== WORK TO COMPLETE ==
Although the data below holds other lines too, output only those from the line with "Aconitic anhydride molecular" up to and including the line with "Ostrich Chaise Lounge, Facedown", exactly as they appear.

== DATA RECORDS ==

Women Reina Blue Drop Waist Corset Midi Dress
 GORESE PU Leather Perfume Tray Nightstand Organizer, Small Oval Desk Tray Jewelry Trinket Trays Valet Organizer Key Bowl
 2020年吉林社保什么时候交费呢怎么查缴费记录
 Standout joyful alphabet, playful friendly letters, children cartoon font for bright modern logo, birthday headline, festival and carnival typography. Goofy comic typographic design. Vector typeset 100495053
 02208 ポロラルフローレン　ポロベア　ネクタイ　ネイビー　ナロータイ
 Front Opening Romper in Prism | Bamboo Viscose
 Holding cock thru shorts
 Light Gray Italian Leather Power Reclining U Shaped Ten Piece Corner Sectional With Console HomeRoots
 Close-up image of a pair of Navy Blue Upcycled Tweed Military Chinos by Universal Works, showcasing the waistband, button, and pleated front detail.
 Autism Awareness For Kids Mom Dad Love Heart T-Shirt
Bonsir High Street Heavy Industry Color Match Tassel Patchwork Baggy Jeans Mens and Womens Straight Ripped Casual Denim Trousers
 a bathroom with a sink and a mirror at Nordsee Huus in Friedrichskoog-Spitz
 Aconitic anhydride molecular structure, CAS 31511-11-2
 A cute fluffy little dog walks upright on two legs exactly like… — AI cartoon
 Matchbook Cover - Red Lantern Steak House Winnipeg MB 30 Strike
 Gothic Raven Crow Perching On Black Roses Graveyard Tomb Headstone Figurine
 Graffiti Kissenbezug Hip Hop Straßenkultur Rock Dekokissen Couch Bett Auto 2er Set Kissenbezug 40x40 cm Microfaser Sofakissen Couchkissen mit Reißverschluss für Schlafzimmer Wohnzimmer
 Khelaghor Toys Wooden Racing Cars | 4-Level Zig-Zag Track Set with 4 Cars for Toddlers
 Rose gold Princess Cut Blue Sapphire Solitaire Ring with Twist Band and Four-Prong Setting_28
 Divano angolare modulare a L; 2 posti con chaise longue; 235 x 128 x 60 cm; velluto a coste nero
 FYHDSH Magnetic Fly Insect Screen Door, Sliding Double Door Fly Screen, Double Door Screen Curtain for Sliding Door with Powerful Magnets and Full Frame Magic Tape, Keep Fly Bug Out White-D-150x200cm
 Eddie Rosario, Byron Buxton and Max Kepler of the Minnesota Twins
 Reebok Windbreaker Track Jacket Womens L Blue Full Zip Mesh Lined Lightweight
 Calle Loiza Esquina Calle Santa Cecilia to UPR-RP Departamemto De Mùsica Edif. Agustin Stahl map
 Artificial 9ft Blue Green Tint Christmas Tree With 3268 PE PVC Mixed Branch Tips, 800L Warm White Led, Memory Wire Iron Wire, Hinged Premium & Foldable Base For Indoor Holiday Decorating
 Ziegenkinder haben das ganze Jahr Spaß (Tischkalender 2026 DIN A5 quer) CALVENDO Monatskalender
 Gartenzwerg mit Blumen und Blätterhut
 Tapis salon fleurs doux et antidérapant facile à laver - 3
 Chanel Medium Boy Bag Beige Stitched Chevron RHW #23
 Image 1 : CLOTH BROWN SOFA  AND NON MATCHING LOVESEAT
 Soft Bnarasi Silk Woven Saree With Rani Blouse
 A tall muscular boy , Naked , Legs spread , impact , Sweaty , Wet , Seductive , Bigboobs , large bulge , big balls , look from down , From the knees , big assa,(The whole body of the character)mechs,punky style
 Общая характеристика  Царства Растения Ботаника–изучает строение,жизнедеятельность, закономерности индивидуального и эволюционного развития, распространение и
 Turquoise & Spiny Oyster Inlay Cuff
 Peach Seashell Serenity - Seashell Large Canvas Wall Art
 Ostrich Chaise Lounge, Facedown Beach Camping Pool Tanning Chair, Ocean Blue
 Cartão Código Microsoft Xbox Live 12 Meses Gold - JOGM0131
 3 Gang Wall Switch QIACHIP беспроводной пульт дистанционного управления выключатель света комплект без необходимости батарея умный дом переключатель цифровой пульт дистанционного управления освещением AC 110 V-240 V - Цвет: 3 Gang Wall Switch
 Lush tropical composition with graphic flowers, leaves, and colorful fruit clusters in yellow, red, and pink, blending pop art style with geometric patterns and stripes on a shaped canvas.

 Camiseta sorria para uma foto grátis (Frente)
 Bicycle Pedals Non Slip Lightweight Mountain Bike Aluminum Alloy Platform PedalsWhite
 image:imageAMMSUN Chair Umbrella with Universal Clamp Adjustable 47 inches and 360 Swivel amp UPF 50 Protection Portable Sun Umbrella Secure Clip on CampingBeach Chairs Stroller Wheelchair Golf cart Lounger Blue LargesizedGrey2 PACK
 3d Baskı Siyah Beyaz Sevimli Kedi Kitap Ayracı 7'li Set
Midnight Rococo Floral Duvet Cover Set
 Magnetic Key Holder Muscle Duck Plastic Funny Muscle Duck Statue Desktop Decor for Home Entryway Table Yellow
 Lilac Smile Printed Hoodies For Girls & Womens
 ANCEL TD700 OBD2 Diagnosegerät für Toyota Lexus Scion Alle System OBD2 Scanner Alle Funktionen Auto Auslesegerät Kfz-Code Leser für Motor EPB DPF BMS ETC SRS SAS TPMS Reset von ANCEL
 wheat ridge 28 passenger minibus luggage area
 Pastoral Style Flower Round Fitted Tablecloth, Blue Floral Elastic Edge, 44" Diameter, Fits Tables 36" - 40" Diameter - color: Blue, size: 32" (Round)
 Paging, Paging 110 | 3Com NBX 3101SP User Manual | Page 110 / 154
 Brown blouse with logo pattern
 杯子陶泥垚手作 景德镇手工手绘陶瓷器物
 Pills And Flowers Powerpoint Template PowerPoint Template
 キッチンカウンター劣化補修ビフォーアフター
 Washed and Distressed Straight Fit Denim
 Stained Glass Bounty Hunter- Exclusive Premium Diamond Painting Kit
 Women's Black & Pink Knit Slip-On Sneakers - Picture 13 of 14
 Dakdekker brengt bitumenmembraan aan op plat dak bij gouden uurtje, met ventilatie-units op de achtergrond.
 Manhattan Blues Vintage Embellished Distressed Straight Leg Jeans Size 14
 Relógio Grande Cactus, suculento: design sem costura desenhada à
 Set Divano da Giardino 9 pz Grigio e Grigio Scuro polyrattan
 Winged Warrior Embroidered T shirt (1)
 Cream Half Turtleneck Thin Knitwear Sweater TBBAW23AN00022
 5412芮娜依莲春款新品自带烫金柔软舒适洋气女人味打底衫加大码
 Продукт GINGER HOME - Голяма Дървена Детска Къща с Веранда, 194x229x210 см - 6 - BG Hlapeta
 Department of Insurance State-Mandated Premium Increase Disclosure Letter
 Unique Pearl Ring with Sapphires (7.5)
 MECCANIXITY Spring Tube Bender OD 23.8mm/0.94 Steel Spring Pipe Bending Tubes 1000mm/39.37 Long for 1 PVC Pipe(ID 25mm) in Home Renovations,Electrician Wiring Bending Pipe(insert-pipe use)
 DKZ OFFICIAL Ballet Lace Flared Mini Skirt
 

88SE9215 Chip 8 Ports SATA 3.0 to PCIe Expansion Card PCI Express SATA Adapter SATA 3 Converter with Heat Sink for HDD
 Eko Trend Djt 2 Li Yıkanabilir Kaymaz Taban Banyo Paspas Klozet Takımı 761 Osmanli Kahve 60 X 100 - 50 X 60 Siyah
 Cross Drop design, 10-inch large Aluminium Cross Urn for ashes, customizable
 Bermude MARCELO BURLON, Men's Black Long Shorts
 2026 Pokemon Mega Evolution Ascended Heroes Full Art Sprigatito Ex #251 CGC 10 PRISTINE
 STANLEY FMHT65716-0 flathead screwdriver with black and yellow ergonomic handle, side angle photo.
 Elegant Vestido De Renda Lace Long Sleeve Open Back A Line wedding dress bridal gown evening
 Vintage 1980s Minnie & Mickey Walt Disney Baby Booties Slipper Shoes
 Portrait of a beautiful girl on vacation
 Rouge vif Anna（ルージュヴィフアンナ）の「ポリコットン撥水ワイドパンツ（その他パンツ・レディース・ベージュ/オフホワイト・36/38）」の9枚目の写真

== ANSWER TO THE PROBLEM ==
 Aconitic anhydride molecular structure, CAS 31511-11-2
 A cute fluffy little dog walks upright on two legs exactly like… — AI cartoon
 Matchbook Cover - Red Lantern Steak House Winnipeg MB 30 Strike
 Gothic Raven Crow Perching On Black Roses Graveyard Tomb Headstone Figurine
 Graffiti Kissenbezug Hip Hop Straßenkultur Rock Dekokissen Couch Bett Auto 2er Set Kissenbezug 40x40 cm Microfaser Sofakissen Couchkissen mit Reißverschluss für Schlafzimmer Wohnzimmer
 Khelaghor Toys Wooden Racing Cars | 4-Level Zig-Zag Track Set with 4 Cars for Toddlers
 Rose gold Princess Cut Blue Sapphire Solitaire Ring with Twist Band and Four-Prong Setting_28
 Divano angolare modulare a L; 2 posti con chaise longue; 235 x 128 x 60 cm; velluto a coste nero
 FYHDSH Magnetic Fly Insect Screen Door, Sliding Double Door Fly Screen, Double Door Screen Curtain for Sliding Door with Powerful Magnets and Full Frame Magic Tape, Keep Fly Bug Out White-D-150x200cm
 Eddie Rosario, Byron Buxton and Max Kepler of the Minnesota Twins
 Reebok Windbreaker Track Jacket Womens L Blue Full Zip Mesh Lined Lightweight
 Calle Loiza Esquina Calle Santa Cecilia to UPR-RP Departamemto De Mùsica Edif. Agustin Stahl map
 Artificial 9ft Blue Green Tint Christmas Tree With 3268 PE PVC Mixed Branch Tips, 800L Warm White Led, Memory Wire Iron Wire, Hinged Premium & Foldable Base For Indoor Holiday Decorating
 Ziegenkinder haben das ganze Jahr Spaß (Tischkalender 2026 DIN A5 quer) CALVENDO Monatskalender
 Gartenzwerg mit Blumen und Blätterhut
 Tapis salon fleurs doux et antidérapant facile à laver - 3
 Chanel Medium Boy Bag Beige Stitched Chevron RHW #23
 Image 1 : CLOTH BROWN SOFA  AND NON MATCHING LOVESEAT
 Soft Bnarasi Silk Woven Saree With Rani Blouse
 A tall muscular boy , Naked , Legs spread , impact , Sweaty , Wet , Seductive , Bigboobs , large bulge , big balls , look from down , From the knees , big assa,(The whole body of the character)mechs,punky style
 Общая характеристика  Царства Растения Ботаника–изучает строение,жизнедеятельность, закономерности индивидуального и эволюционного развития, распространение и
 Turquoise & Spiny Oyster Inlay Cuff
 Peach Seashell Serenity - Seashell Large Canvas Wall Art
 Ostrich Chaise Lounge, Facedown Beach Camping Pool Tanning Chair, Ocean Blue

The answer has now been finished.